Glas. Ce secteur d'environ 27 hectares comporte moins d'une dizaine de bâtiments, largement espacés les uns des autres, et consiste pour le reste en de larges parcelles cultivées ou boisées, dont la succession se poursuit vers le nord sur plusieurs kilomètres.

7. Excepté la maison des requérants, les constructions les plus proches du terrain d'assiette du projet sont isolées et situées à plus d'une centaine de mètres. A supposer que l'ensemble immobilier formé par la clinique Keraudren puisse être inclus dans les limites de l'agglomération brestoise, il est situé à 300 mètres de la localisation retenue pour l'implantation de l'antenne. Dans ces conditions, le projet ne peut être regardé comme situé en continuité d'un village, d'une agglomération ou d'un autre secteur urbanisé. Par suite, le moyen tiré de la méconnaissance des dispositions de l'article L. 121-8 doit être accueilli.
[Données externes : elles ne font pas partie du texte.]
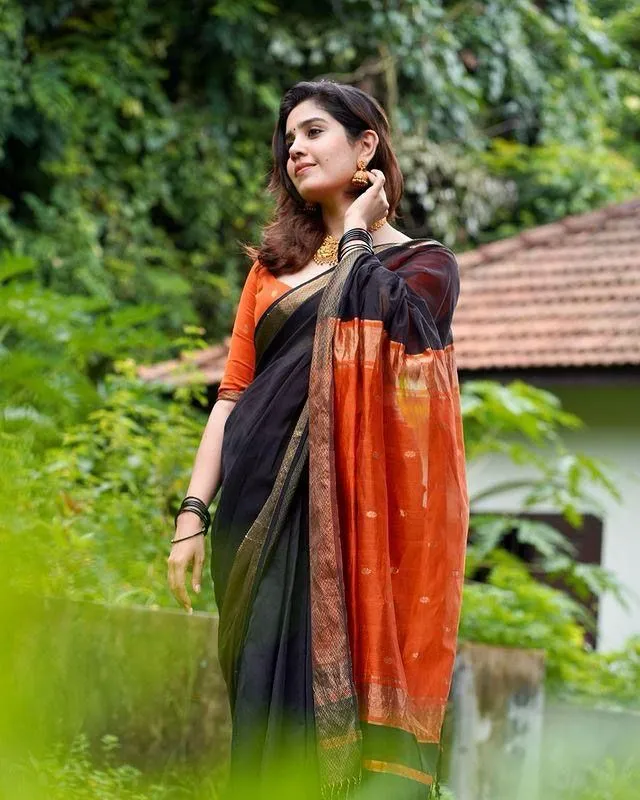 Aplomb Black Soft Silk Saree With Enthralling Blouse Piece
8. Il résulte de ce qui précède que Mme A et M. B sont fondés à demander l'annulation de la décision du 30 août 2020, ensemble la décision du 21 mars 2021 rejetant leur recours gracieux. Pour l'application de l'article L. 600-4 du code de l'urbanisme, aucun autre moyen de la requête n'est de nature à fonder l'annulation de la décision litigieuse.

Sur les frais liés au litige :

9. Il y a lieu, dans les circonstances de l'espèce, de mettre à la charge de Brest métropole une somme de 1 500 euros à verser à Mme A et M. B au titre de l'article L. 761-1 du code de justice administrative.
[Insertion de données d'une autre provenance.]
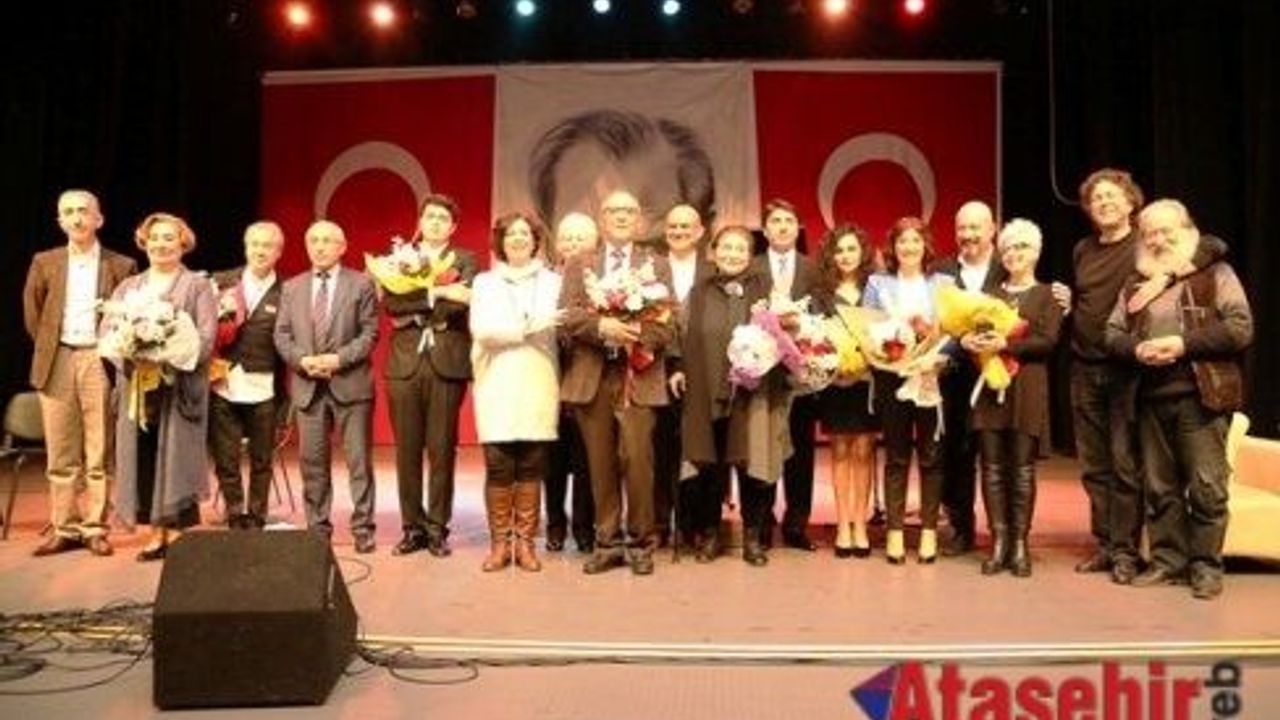 Ataol Behramoğlu’nun 50. Sanat Yılı Ataşehir’de kutlandı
10. Dans les circonstances de l'espèce, il n'y a pas lieu de faire droit à la demande de la société Cellnex France au titre des dispositions de l'article L. 761-1 du code de justice administrative.

D É C I D E :

Article 1er: L'intervention de la société Bouygues Télécom est admise.

Article 2 : La décision du 30 août 2020 par lequel le président de Brest métropole ne s'est pas opposé à la déclaration préalable de travaux déposée par la société Cellnex France, ensemble la décision du 21 mars 2021 rejetant le recours gracieux, sont annulées.

Article 3 : Brest métropole versera à Mme A et à M. B une somme globale de 1 500 euros au titre de l'article L. 761-1 du code de justice administrative.

Article 4 : Les conclusions de la société Cellnex France présentées sur le fondement de l'article L. 761-1 du code de justice administrative sont rejetées.

Article 5 : Le présent jugement sera notifié à Mme D A et M. C B, à Brest métropole, à la société Cellnex France et à la société Bouygues Télécom.

Délibéré après l'audience du 15 décembre 2023 à laquelle siégeaient :

M. Radureau, président,

M. Grondin, premier conseiller,

Mme Villebesseix, conseillère.

Rendu public par mise à disposition au greffe le 29 décembre 2023.

Le président-rapporteur,

signé

C. Radureau

L'assesseur le plus ancien,

signé

T. Grondin

Le greffier,

signé

N. Josserand

La République mande et ordonne au préfet du Finistère en ce qui le concerne ou à tous commissaires de justice à ce requis en ce qui concerne les voies de droit commun contre les parties privées, de pourvoir à l'exécution de la présente décision.